「取りはトリでも、名取のトリは、死んでも死なない不死身取り(鳥)」
50代の輸血が元でC型肝炎⇒肝硬変⇒肝臓ガンになった父が、亡くなる二年ほど前、毎日ジェットコースターのような体調に悩ませらていた頃に書いた言葉である。
手塚治虫の「火の鳥」に言及するまでもなく、フェニックス、鳳凰、不死鳥、不死身鳥などと言われる、架空の鳥だが、「名取」という名前にひっかけて「この世だけで終わる俺ではないわい」と父は都々逸った(ドドイツルは私の造語です)。
で、取りと鳥の因縁かもしれぬが、私は鳥肉が大好きで、いつか自宅で「焼きとり」をして、焼きたてを食べてみたいというのが一つの、坊主らしからぬ夢である。

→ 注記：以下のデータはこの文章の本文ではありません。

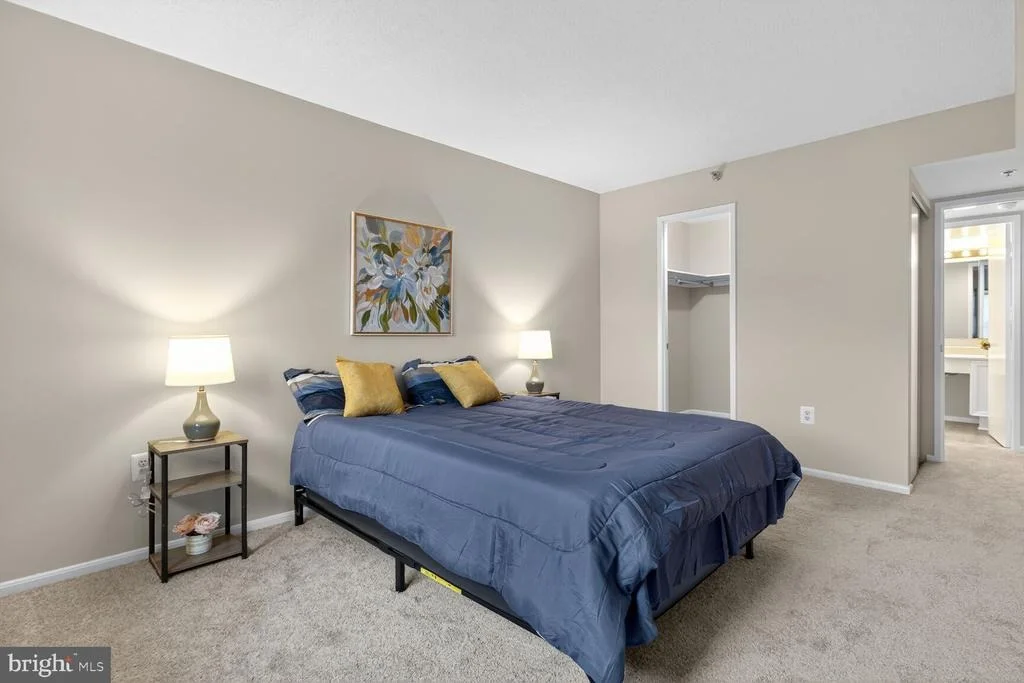 Photo of Unit 3802 at 15115 INTERLACHEN DRIVE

一方、昨日、ヨドバシカメラから「9月にポイントが失効します」と、ご丁寧なハガキが来た。額にすると4000円相当である。家内が「勿体ないから、電池でもいいから買ったほうがいい」と言う。
電池くらい、隣のドラッグストアーで売っているからいいではないか・・・と思ったが、
とりあえず、息子の友達の披露宴用のウェルカム・ボードもできたし、時間があるから錦糸町のヨドバシカメラへ娘と出かけた。
もとより、私の目標は電池ではない。四カ月前、有楽町のビッグカメラで見かけた「たこ焼き、網焼き、焼きとり・・・が焼ける」電気グリルである。わははははは。

その骨格から、鳥類は恐竜に子孫であることは学問的に証明されている。何も人類の遠い先祖が恐竜におびえていた腹いせではないけれど、すでに命を失ったものは、ありがたくいただくのが坊主の心意気でもある。
このグリルを使う時には、今まで以上に心して「(命を)いただきます」を言おうと思う。